Dans le cadre d'une succession, l'attribution préférentielle permet d'éviter le morcellement ou l'indivision du bien afin d'assurer la continuité et la pérennité de l'exploitation agricole.
1) Demander l'attribution préférentielle
À la suite d'un décès, les héritiers ont des biens en commun. Il s'agit d'une indivision successorale.
Les membres de l'indivision sont les co-indivisaires et sont les propriétaires des biens de l'indivision. Cependant, ils ne sont pas propriétaires exclusifs du bien mais d'une quote-part de la masse indivise. En général, cette situation ne simplifie pas la gestion du bien.
Aussi, selon le principe « Nul ne peut être contraint de rester dans l'indivision » (article 815 du code civil), chaque indivisaire a la faculté de provoquer le partage des biens successoraux. Le risque, c'est la division de l'exploitation agricole.
La loi a prévu pour un ou plusieurs co-indivisaires de pouvoir s'opposer à la division en demandant l'attribution préférentielle. C'est une modalité de partage des biens. Elle consiste à attribuer un bien à un copartageant alors même qu'il n'y a pas, pour les autres, de biens de valeur équivalente dans la masse indivise.
Son objectif est d'éviter le morcellement des biens, d'assurer la continuité économique et ainsi permettre la pérennité de l'exploitation familiale.
2)En propriété ou en jouissance
On distingue deux régimes d'attribution préférentielle.
L'attribution préférentielle en propriété peut se faire directement à l'exploitant poursuivant l'activité agricole. À défaut d'accord amiable, il doit la demander en justice.
Un groupement foncier agricole (GFA) peut en bénéficier. Il est ainsi possible de maintenir l'exploitation familiale sans imposer à l'héritier exploitant de verser une soulte à ses frères et soeurs. L'accord de tous les co-indivisaires est préalable.
L'attribution préférentielle en jouissance consiste à octroyer un bail à long terme (dix-huit ans) à l'héritier souhaitant poursuivre l'exploitation. Elle est accordée lorsque l'attribution en propriété n'est pas possible, par exemple, lorsque l'héritier exploitant ne peut pas verser la soulte aux cohéritiers.
CE QUE DISENT LES TEXTES
- Les personnes pouvant bénéficier de l'attribution préférentielle sont le conjoint survivant du défunt ou ses héritiers.
Ces personnes doivent participer ou avoir participé à la mise en valeur de l'exploitation (article 831 du code civil).

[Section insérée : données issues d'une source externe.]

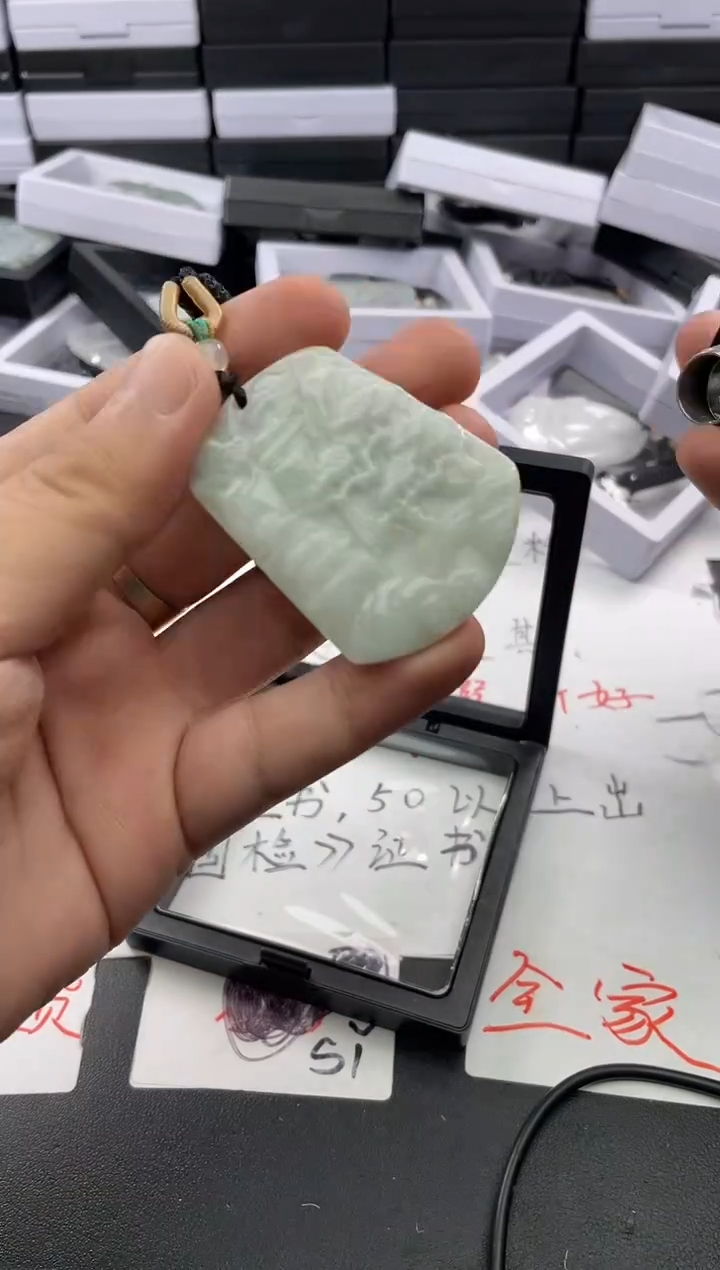 颈饰未镶嵌翡翠....9/9/.213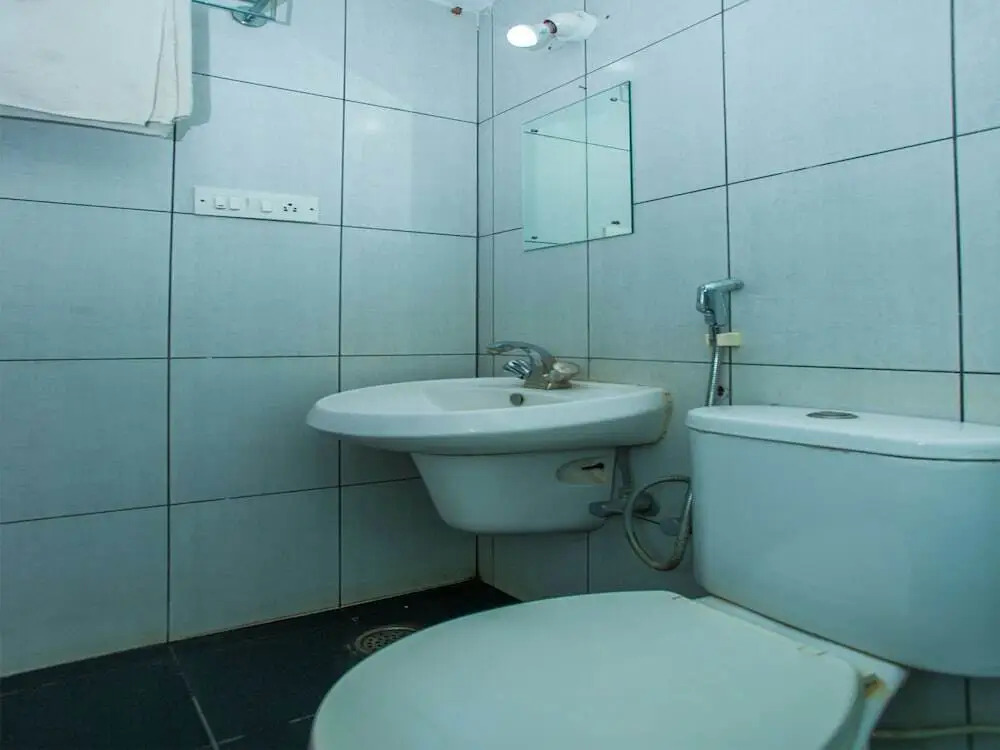 Bheemudu Hotel by OYO Rooms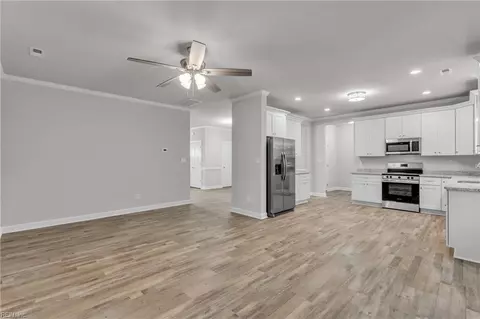 3705 Davis Ave, Chesapeake, VA 23325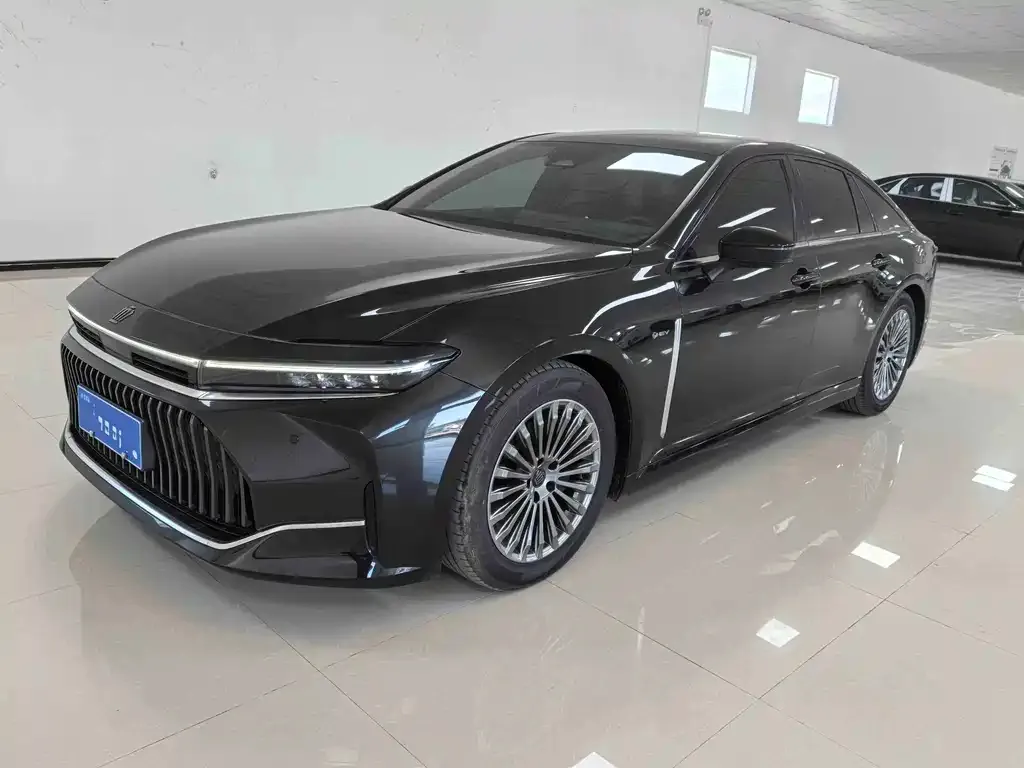 Toyota Crown (Import) — фото 1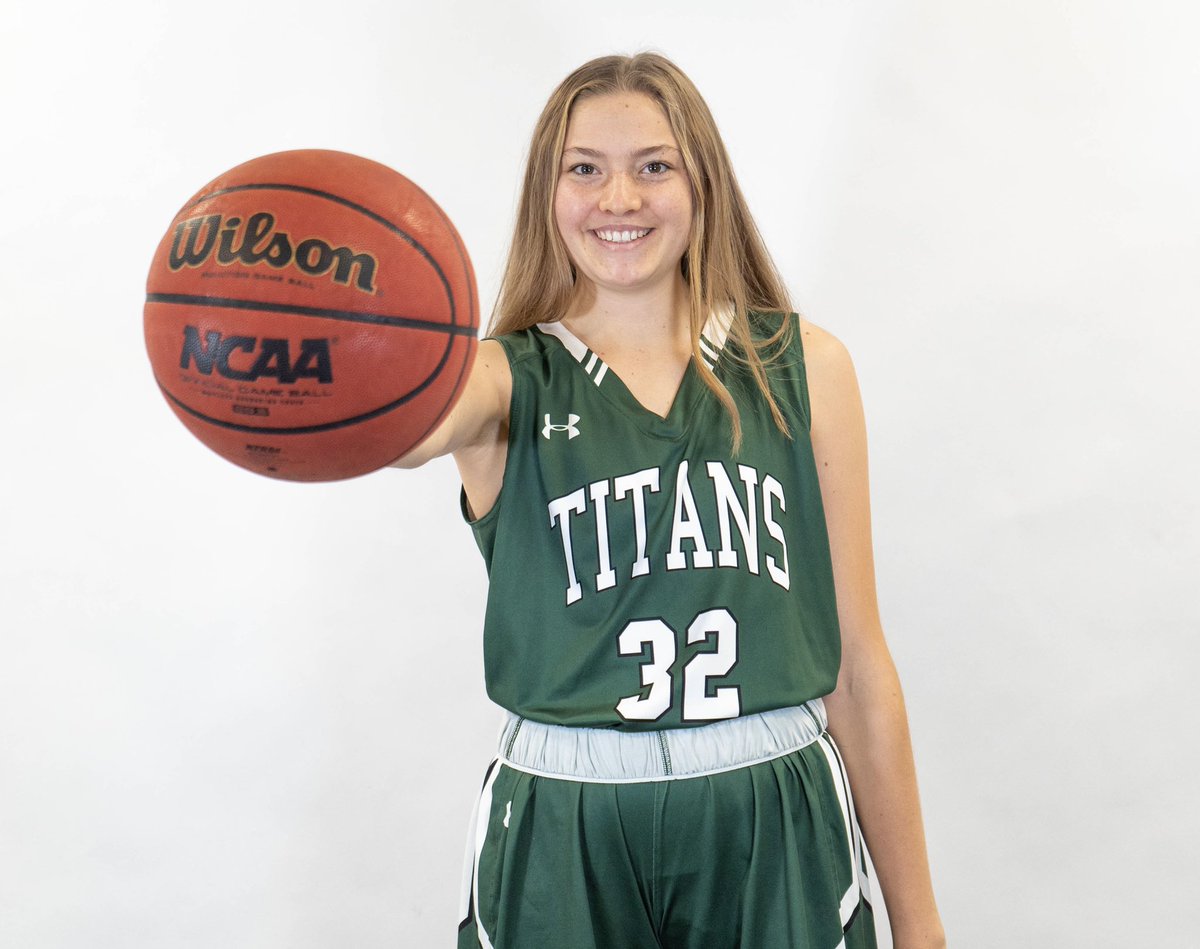 LipicMartha's tweet photo. Beyond excited to announce my commitment to Illinois Wesleyan University. Thank you Coach Smith and Coach Ehresman for giving me the opportunity to play for @IWUWomensBball. GO TITANS! 
@AIAelitegirls @OPRFGirlsBBall https://t.co/zFxcCHrBld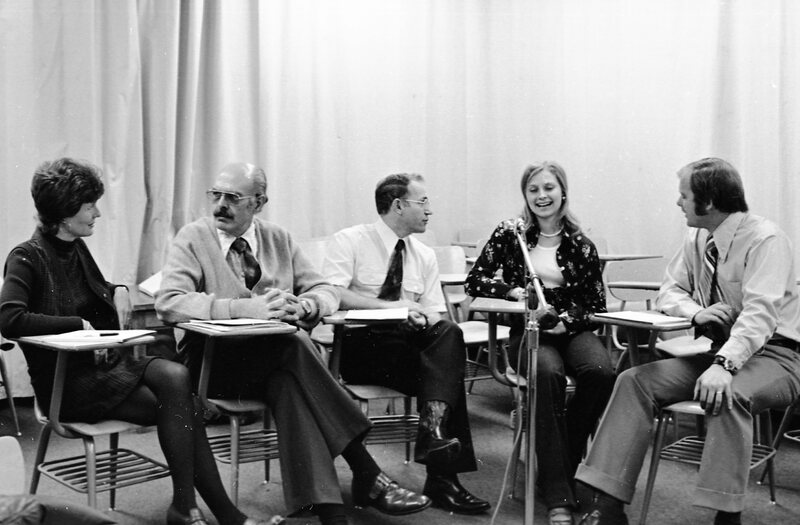 1975 Radio Show, Discussion Panel 04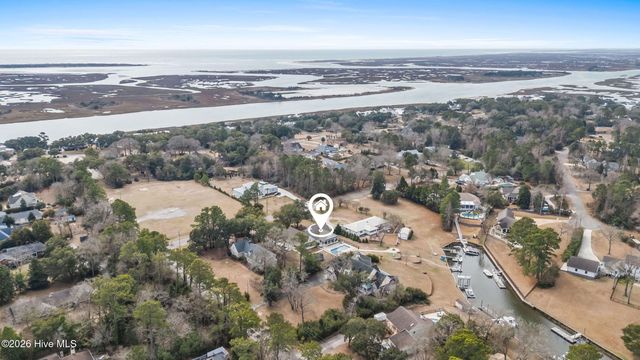 102 Olde Point Loop, Hampstead, NC 28443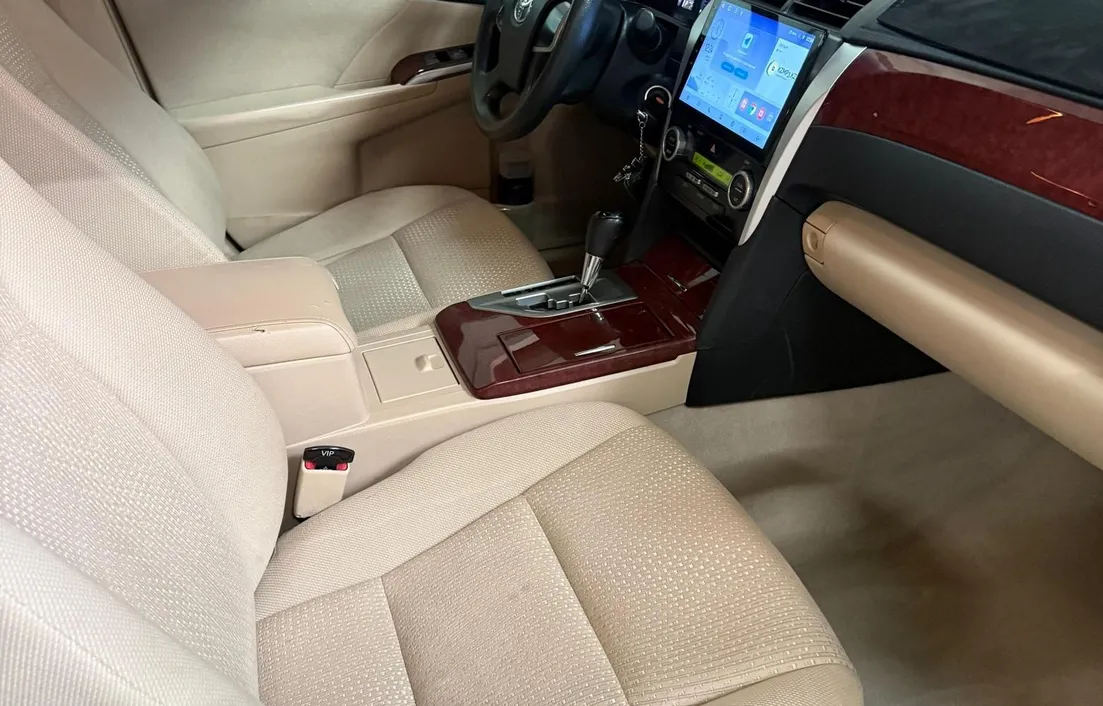 Toyota Camry 2014
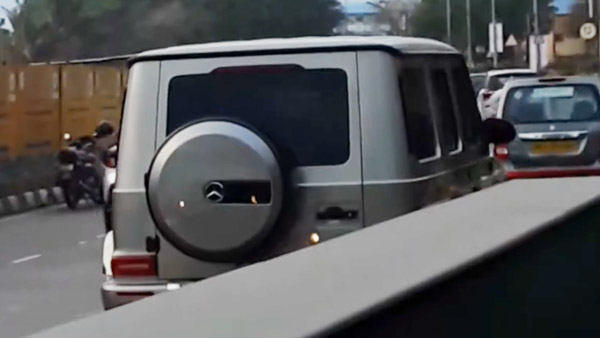 ನಟನ ಕಾರು ತಡೆದು ಸೆಲ್ಫಿ ಕ್ಲಿಕ್ಕಿಸಿಕೊಂಡ ಸಂಚಾರಿ ಪೊಲೀಸರು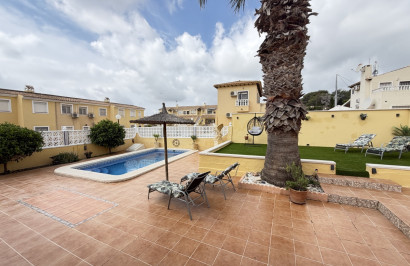 Resale - Detached Villa - Villamartín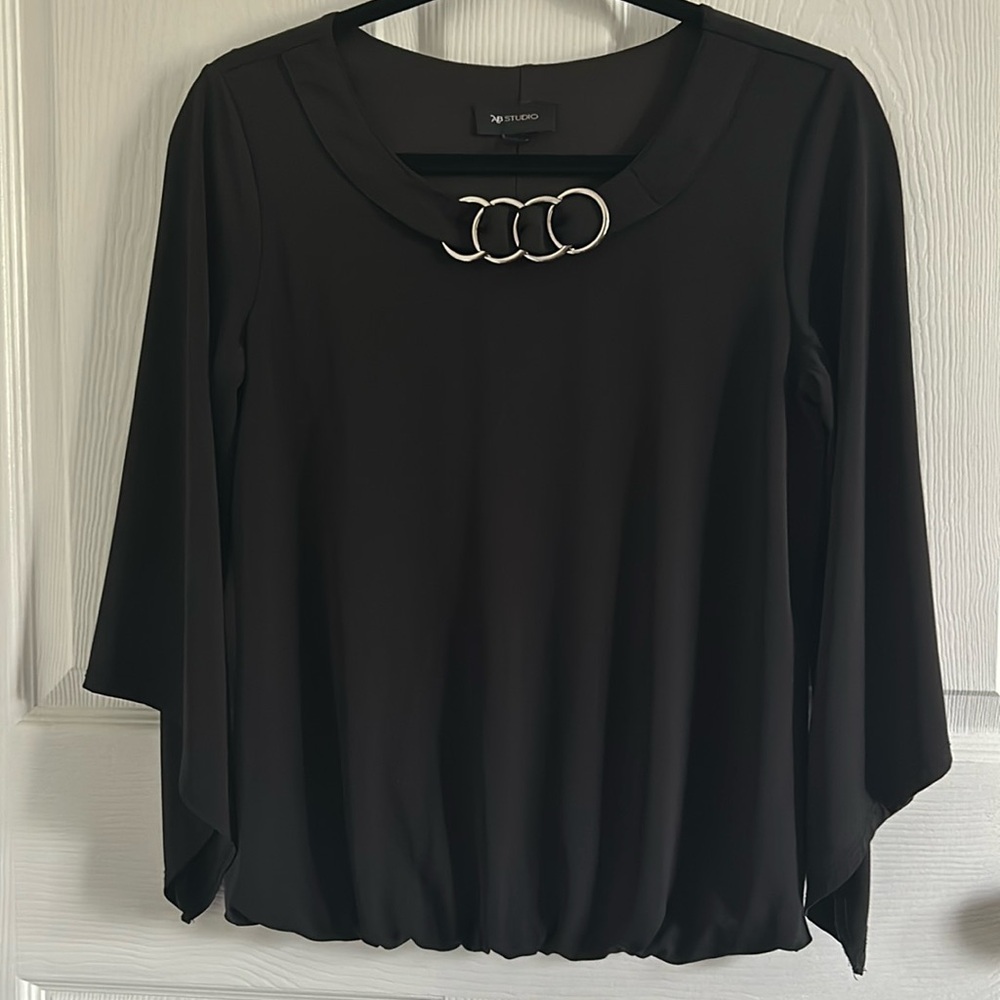 AB Studio Flutter Sleeve Banded-Bottom Blouse (Sz Small)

Mais la loi n'impose pas au bénéficiaire de poursuivre l'exploitation.
- Selon la jurisprudence, la participation effective et la mise en valeur d'une entreprise agricole se caractérisent par une activité régulière et elles impliquent une aptitude à gérer correctement le bien (arrêt de la Cour de cassation du 23 avril 1985).
Le tribunal peut refuser l'attribution si le bénéficiaire ne présente pas toutes les qualités requises en matière de gestion d'une ou partie d'exploitation agricole.
- Seule l'attribution préférentielle de petite et moyenne exploitation peut être imposée par la loi au profit du demandeur (article 832 du code civil).
- Le demandeur de l'attribution copropriétaire bénéficiera en priorité des bâtiments d'exploitation agricoles et de la maison d'habitation. Le demandeur ne pourra faire valoir l'attribution que sur une partie de l'exploitation en fonction de la notion d'entité économique qui varie selon la nature de l'exploitation, sa dimension, sa productivité et son mode de gestion.
- D'une manière générale, l'attribution préférentielle est acceptée si l'exploitation agricole constitue un ensemble cohérent. Une maison d'habitation et un corps de ferme peuvent convenir à un exploitant seul et donc être considérés comme une entité économique, et bénéficier ainsi de l'attribution préférentielle, et peuvent, par ailleurs, être insuffisants pour un couple d'exploitants.
Le juge doit tenir compte de ces éléments dans sa prise de décision.